As an exercise I decided to check if unbiased estimator of standard deviation of sample is giving better results than biased estimator
. So far it looks that only in aprox 55% cases. Am I doing something wrong or this is normal?
My methodology:
- generate sample of 100 numbers from range 1 to 1000
- 10 000 times choose 10 numbers from above
- for each 10 numbers calculate biased and unbiased estimator of standard deviation
- check how many times unbiased estimator was closer to standard deviation in population (in comparison to biased estimator).
My code:
import numpy as np
import random
from math import sqrt
# Lets generate set of 100 random numbers
myarray = np.random.randint(1,1000,100)
myarray_sd = np.std(myarray)
right = 0
wrong= 0
for k in range(10000):
# lets choose sample of numbers
sample= random.sample(set(myarray),10)
# calculate mean
sample_mean=np.mean(sample)
# calculate sd for n and n-1
sample_sd_n = sqrt(sum((sample-sample_mean)**2)/len(s))

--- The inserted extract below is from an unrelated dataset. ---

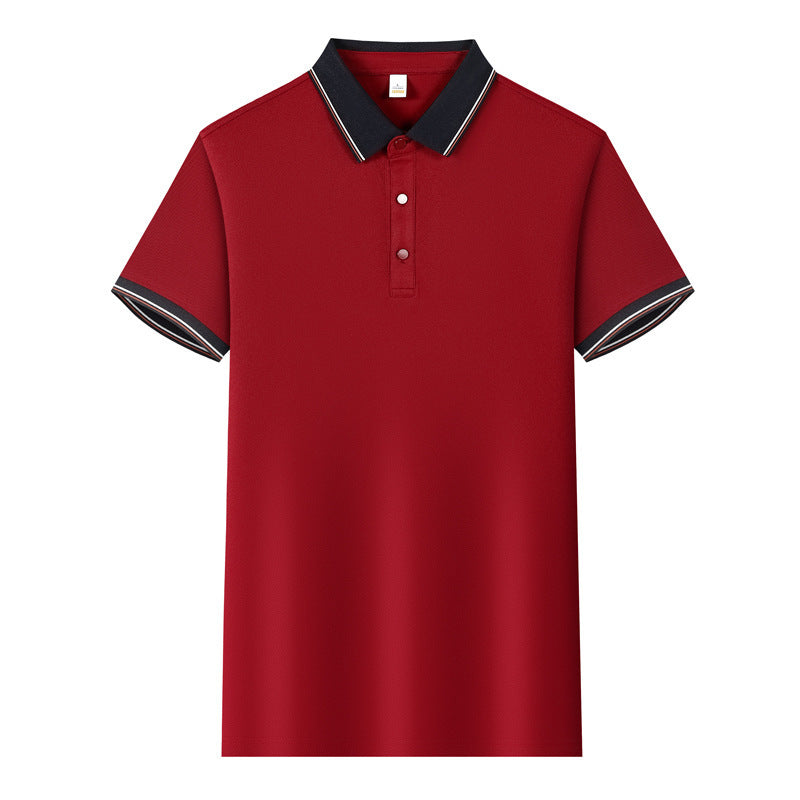 Color Stitching Turnover Neck Short-sleeved Shirt Workwear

sample_sd_n1 = sqrt(sum((sample-sample_mean)**2)/(len(s)-1))
# callculate diffrences between both sd and sd in population
res_n= abs(sample_sd_n - myarray_sd)
res_n1=abs(sample_sd_n1 - myarray_sd)
# check if std calculated using n-1 is more accurate
if res_n1<res_n:
right +=1
else:
wrong +=1
print ('The theory is correct in: %f cases' % (round(right/(right+wrong),2)))